The full set of lines below has to be duplicated exactly, with no picture kept.

_Supplied data_

Segment Open

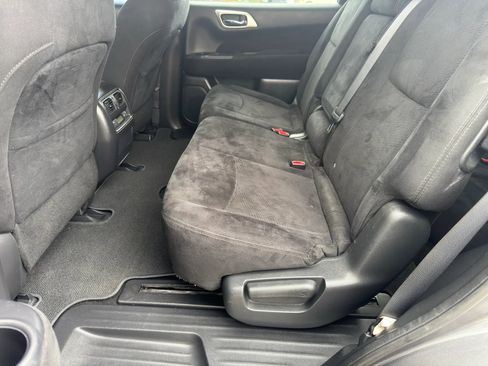 Used 2015 Nissan Pathfinder S image 8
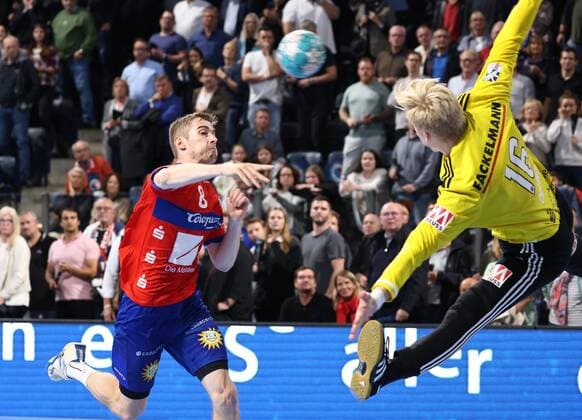 Sport Themen der Woche KW40 Sport Bilder des Tages 06.10.2022 - Handball - 1. Bundesliga LIQUI MOLY HBL - Saison 2022 2023 - 07. Spieltag: HC Erlangen Metropolregion Nürnberg HCE - Bergischer HC BHC ( Löwen ) - DaMa - Tim Nothdurft (8, Bergischer HC ) Bertram Obling (16, HC Erlangen HCE ) *** 06 10 2022 Handball 1 Bundesliga LIQUI MOLY HBL Season 2022 2023 07 Matchday HC Erlangen Nuremberg Metropolitan Region HCE Bergischer HC BHC Lions DaMa Tim Nothdurft 8, Bergischer HC Bertram Obling 16, HC Erlangen HCE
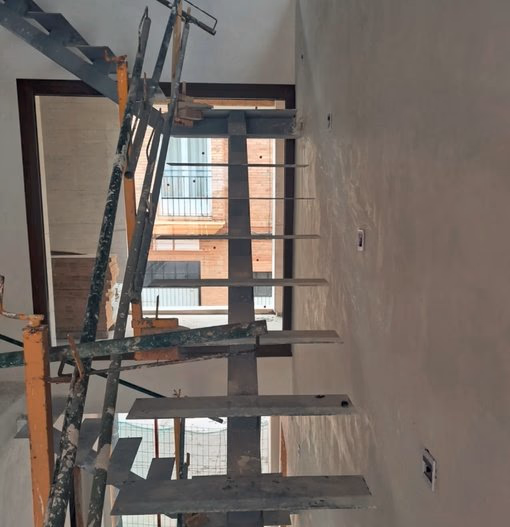Detalle de estructura de escalera metálica en zigzag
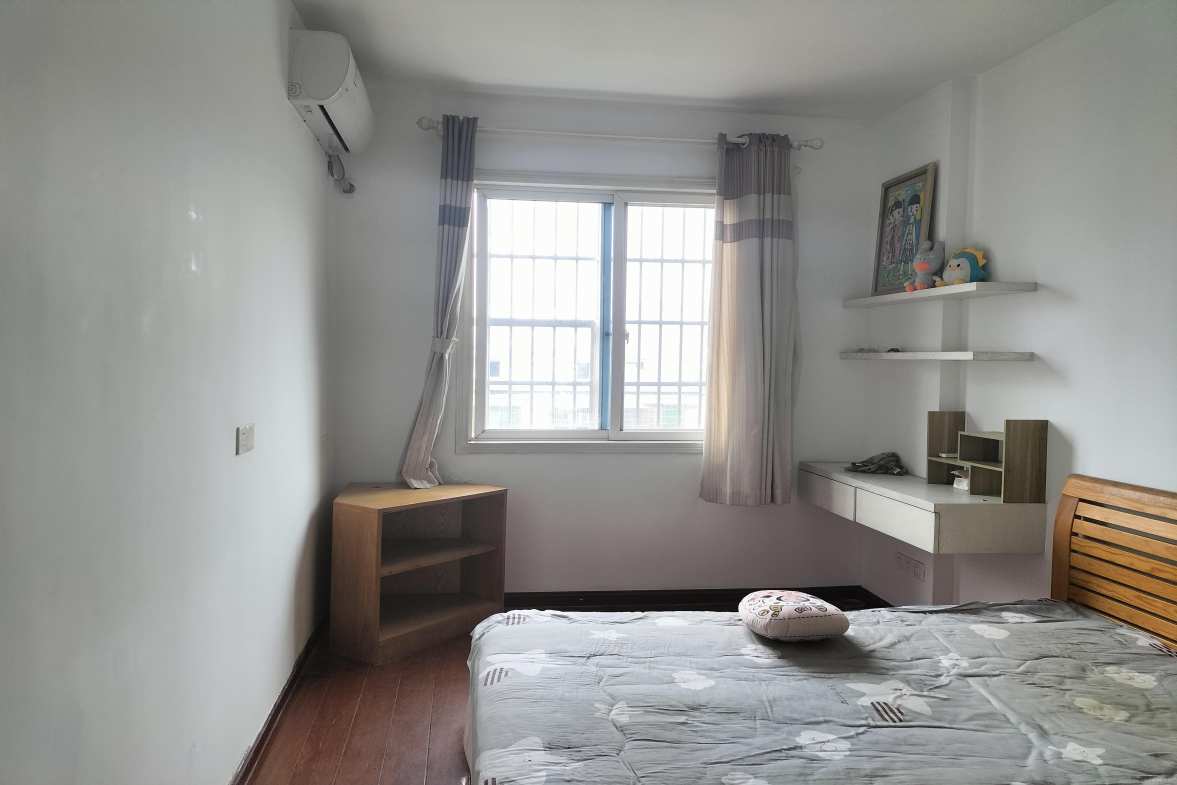 金汇园(鄱馨苑、省国税局单位房) 2室2厅1卫 2000.0元/月 金汇园(鄱馨苑、省国税局单位房) 2室2厅1卫 2000.0元/月室内图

Segment Closed

_Exercise result_
 Used 2015 Nissan Pathfinder S image 8
 Sport Themen der Woche KW40 Sport Bilder des Tages 06.10.2022 - Handball - 1. Bundesliga LIQUI MOLY HBL - Saison 2022 2023 - 07. Spieltag: HC Erlangen Metropolregion Nürnberg HCE - Bergischer HC BHC ( Löwen ) - DaMa - Tim Nothdurft (8, Bergischer HC ) Bertram Obling (16, HC Erlangen HCE ) *** 06 10 2022 Handball 1 Bundesliga LIQUI MOLY HBL Season 2022 2023 07 Matchday HC Erlangen Nuremberg Metropolitan Region HCE Bergischer HC BHC Lions DaMa Tim Nothdurft 8, Bergischer HC Bertram Obling 16, HC Erlangen HCE
Detalle de estructura de escalera metálica en zigzag
 金汇园(鄱馨苑、省国税局单位房) 2室2厅1卫 2000.0元/月 金汇园(鄱馨苑、省国税局单位房) 2室2厅1卫 2000.0元/月室内图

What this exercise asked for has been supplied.